These principles of a successful project give a better perspective on how to achieve project success. The downside is a much higher level complexity, as can be seen by The Iron Triangle. It is just a tool within a category, and a wide variety of tools can be found in all of the categories. The focus should be on the value of both simple and complex tools. The tools such as The Iron Triangle provide the How, while the boarder and more complex tenets tends to the Why. The benefit of understanding the How and the Why is what create succesful projects. The next sections focus on detailing what is the focus of each section.

[edit] Stakeholder management [4]

Undertaking projects means creating a temporary organization [3]. Stakeholders in stakeholder management are defined as anyone that can be affected by the activities undertaken by this organization. It is therefore important to engage stakeholders in an appropriate fashion [3]. The appropriate level of engagement means a need for the project manager to identify the level of engagement from each stakeholders. Some with high level of interest and power will be key players while other will only be observers and should only be monitored. If key players are misjudged and not consulted enough, they can cause troubles for any given project. The goal here is to soothe concerns and engage with actors that can benefit the project.

[edit] Risk management [5]

Risk managementis a focus on the likelihood that a given project achieves it's objectives [3]. This refers both to minimizing potential risks while capitalizing on potential opportunities [2]. Each project risk identified also needs to be analyzed and have an action plan attached to it.
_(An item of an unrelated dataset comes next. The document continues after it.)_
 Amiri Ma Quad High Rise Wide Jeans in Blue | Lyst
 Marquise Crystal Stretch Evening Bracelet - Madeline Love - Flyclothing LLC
To act upon identified risks and opportunities goes hand in hand with stakeholder management, as posed risk to the project easily can come from human causes. Other risks as environmental changes such as economic collapse or natural disasters also needs to be considered. Equally to stakeholder management it is often chosen to focus on the most likely risks and opportunities.

[edit] Summary of achieving success

Each of the previous mentioned subjects are all important factors in why a project is successful. It is not enough to master just one of the aspects as it is the joined effort of all them that creates a truly successful project. The need to manage all of them at the same time is one of the key drivers of complexity. Equally the explanation given in this article cannot convey each area in a complete fashion, as they each have multiple layers that should be explore further - this can be done in the Conceptbox [6]. The tools provided there are all constructed so the project manager have multiple ways of approaching each of the subjects. The need for multiple tools stems from the need to contain the level of complexity, and each tool provides a different insight into how this can be done.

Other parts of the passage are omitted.